---- Provided data

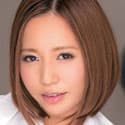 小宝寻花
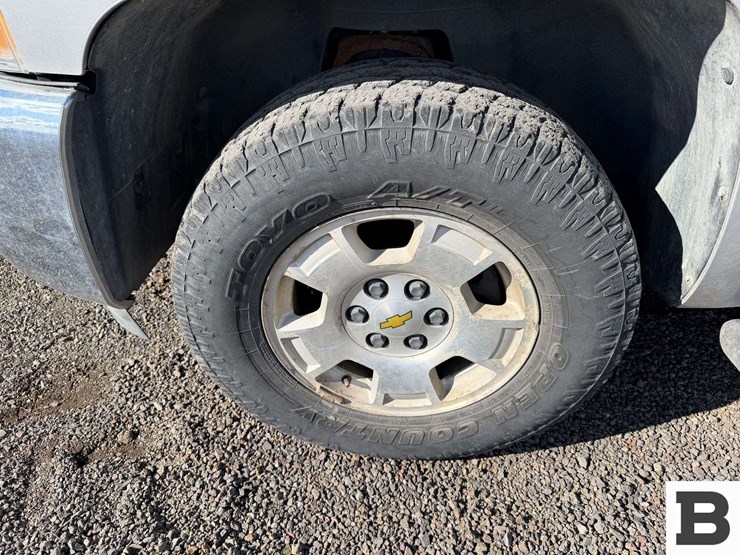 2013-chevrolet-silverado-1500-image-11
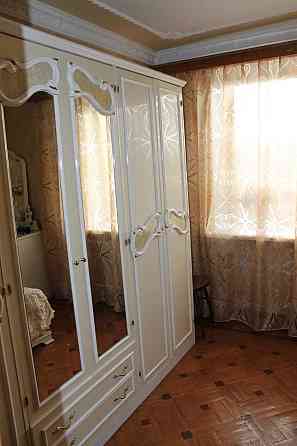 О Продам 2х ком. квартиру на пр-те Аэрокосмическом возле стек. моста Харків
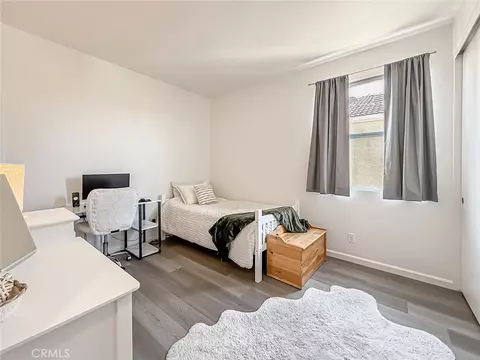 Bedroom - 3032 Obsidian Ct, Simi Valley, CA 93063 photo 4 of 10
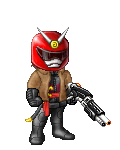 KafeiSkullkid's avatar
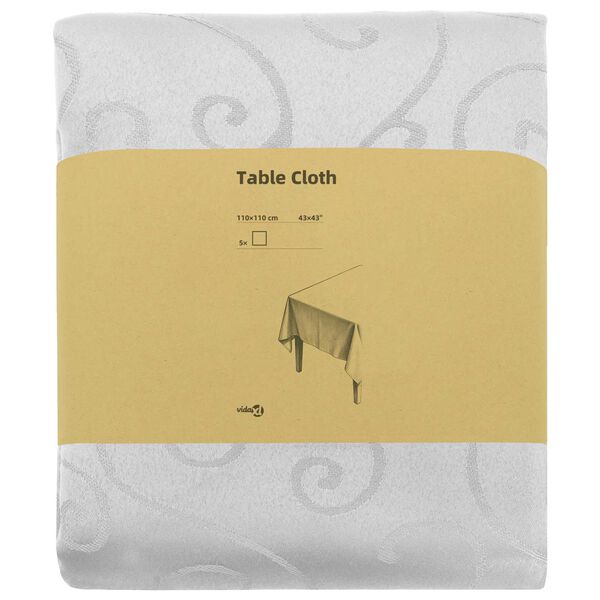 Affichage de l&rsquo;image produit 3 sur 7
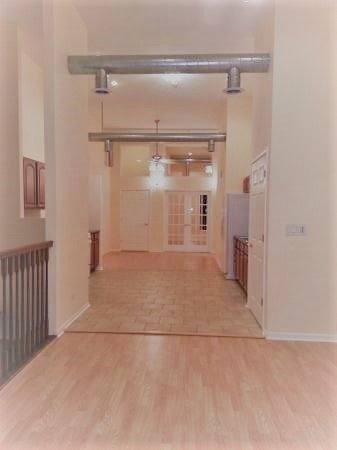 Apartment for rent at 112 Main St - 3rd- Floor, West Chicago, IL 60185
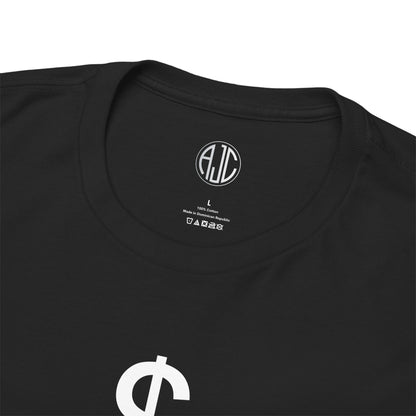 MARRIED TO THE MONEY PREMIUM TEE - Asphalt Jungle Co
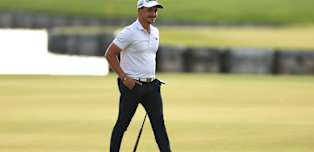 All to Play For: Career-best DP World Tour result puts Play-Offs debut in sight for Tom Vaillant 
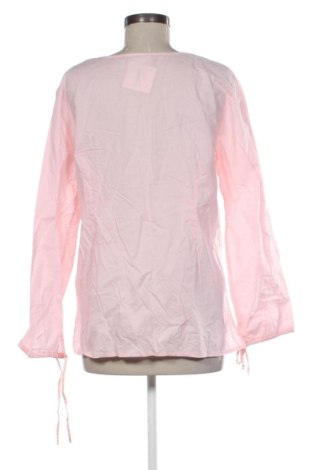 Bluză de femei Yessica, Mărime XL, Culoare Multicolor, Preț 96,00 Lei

--------

> _Goal of the exercise_
Although the records contain pictures, transcribe only their text, exactly as written.

> _Your response_
 小宝寻花
 2013-chevrolet-silverado-1500-image-11
 О Продам 2х ком. квартиру на пр-те Аэрокосмическом возле стек. моста Харків
 Bedroom - 3032 Obsidian Ct, Simi Valley, CA 93063 photo 4 of 10
 KafeiSkullkid's avatar
 Affichage de l&rsquo;image produit 3 sur 7
 Apartment for rent at 112 Main St - 3rd- Floor, West Chicago, IL 60185
 MARRIED TO THE MONEY PREMIUM TEE - Asphalt Jungle Co
 All to Play For: Career-best DP World Tour result puts Play-Offs debut in sight for Tom Vaillant 
 Bluză de femei Yessica, Mărime XL, Culoare Multicolor, Preț 96,00 Lei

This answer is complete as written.